New master initialization sequence
A newly elected master proceeds through these steps in order:
| Step | Action | Purpose |
|---|---|---|
| 1 | Pick a new epoch number | Distinguishes this master from the previous one. Clients must present the epoch on every call; the master rejects calls with stale epochs. This prevents the new master from processing old packets meant for the previous master. Same concept as Split-brain epoch fencing. |
| 2 | Respond to master-location requests only | The master announces itself but does not yet handle session operations. |
| 3 | Rebuild in-memory state | Reconstruct session and lock data structures from the database.
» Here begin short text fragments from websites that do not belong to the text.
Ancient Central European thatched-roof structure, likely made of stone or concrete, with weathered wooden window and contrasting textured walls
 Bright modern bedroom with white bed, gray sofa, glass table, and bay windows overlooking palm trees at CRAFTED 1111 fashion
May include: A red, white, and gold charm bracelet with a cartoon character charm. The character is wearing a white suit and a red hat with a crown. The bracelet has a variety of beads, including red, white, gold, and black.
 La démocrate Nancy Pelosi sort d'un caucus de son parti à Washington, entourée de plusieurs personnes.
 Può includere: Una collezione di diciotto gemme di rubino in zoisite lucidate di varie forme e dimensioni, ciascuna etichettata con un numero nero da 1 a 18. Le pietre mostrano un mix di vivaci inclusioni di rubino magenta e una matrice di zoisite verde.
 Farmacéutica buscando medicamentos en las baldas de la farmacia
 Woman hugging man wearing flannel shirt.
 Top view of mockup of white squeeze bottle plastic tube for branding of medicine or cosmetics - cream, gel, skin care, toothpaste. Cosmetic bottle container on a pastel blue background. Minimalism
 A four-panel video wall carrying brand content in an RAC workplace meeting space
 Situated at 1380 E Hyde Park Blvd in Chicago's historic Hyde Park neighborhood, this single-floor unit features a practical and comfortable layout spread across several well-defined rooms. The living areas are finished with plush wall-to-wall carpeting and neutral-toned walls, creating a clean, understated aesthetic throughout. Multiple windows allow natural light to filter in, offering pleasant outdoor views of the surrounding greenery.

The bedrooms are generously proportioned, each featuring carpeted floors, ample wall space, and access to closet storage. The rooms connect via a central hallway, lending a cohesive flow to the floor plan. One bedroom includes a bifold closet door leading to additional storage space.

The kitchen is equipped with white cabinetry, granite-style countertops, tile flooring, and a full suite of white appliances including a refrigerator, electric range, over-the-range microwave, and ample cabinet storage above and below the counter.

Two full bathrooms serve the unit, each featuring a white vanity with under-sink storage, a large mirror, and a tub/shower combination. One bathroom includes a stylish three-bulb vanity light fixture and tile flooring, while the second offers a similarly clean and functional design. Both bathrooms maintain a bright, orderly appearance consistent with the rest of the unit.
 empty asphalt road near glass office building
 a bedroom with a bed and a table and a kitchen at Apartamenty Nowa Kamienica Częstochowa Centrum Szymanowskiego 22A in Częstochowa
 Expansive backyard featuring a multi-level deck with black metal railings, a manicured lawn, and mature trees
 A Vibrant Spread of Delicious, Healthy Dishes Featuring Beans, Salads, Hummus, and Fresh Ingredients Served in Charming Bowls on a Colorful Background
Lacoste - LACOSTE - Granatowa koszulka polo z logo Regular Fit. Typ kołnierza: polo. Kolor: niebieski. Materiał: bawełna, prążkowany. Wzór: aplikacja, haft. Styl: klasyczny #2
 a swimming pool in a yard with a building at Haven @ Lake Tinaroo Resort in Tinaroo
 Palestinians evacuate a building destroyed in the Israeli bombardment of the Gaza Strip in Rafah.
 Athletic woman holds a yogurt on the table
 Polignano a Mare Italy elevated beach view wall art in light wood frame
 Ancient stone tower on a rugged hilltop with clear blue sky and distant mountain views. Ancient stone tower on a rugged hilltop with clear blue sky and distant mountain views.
Extend session leases to the maximum the previous master may have used. |
| 4 | Allow KeepAlives only | Clients can maintain their sessions but cannot perform other operations yet. |
| 5 | Emit failover event to every session | Clients flush their caches (they may have missed invalidations) and receive warnings that other events may have been lost. |
| 6 | Wait for acknowledgments | The master waits until every session acknowledges the failover event or lets its session expire. |
| 7 | Allow all operations | Normal service resumes. |
| 8 | Honor pre-failover handles | If a client presents a handle created before the failover, the master reconstructs the in-memory handle representation and processes the request. |
| 9 | Delete stale ephemeral files | After ~1 minute, ephemeral files with no open handles are cleaned up. Clients must refresh ephemeral file handles within this window. |
The epoch number is the same concept as a fencing token for the master itself. When explaining Chubby's failover, emphasize: "Each new master gets a strictly increasing epoch. Any request carrying an old epoch is rejected. This is how Chubby prevents split-brain -- even if the old master is still alive, its requests are ignored."
Chubby events
Chubby provides a simple event mechanism. Clients subscribe to events when creating a handle, and events are delivered asynchronously via callbacks in the Chubby library.
File and lock events
| Event | Triggered when... |
|---|---|
| File contents modified | A file's data changes |
| Child node added/removed/modified | A directory's children change |
| Master failover | A new master takes over |
| Handle invalidated | A handle (and its associated lock) becomes invalid |
| Lock acquired | A lock transitions from free to held |
| Conflicting lock request | Another client requests a lock held by this client |
Session events (sent to the application)
| Event | Meaning |
|---|---|
| Jeopardy | Session lease timed out; grace period has begun. The client's cached data is no longer trustworthy. |
| Safe | Session survived a communication problem. Cache is re-enabled. |
| Expired | Session timed out. All handles, locks, and cached data are invalidated. |
Events can be lost during failover. The failover event (step 5 above) warns clients of this explicitly. Applications must treat the failover event as a signal to re-validate all assumptions -- re-read files, re-check lock ownership, and re-register for events. Treating the failover event as purely informational is a common mistake.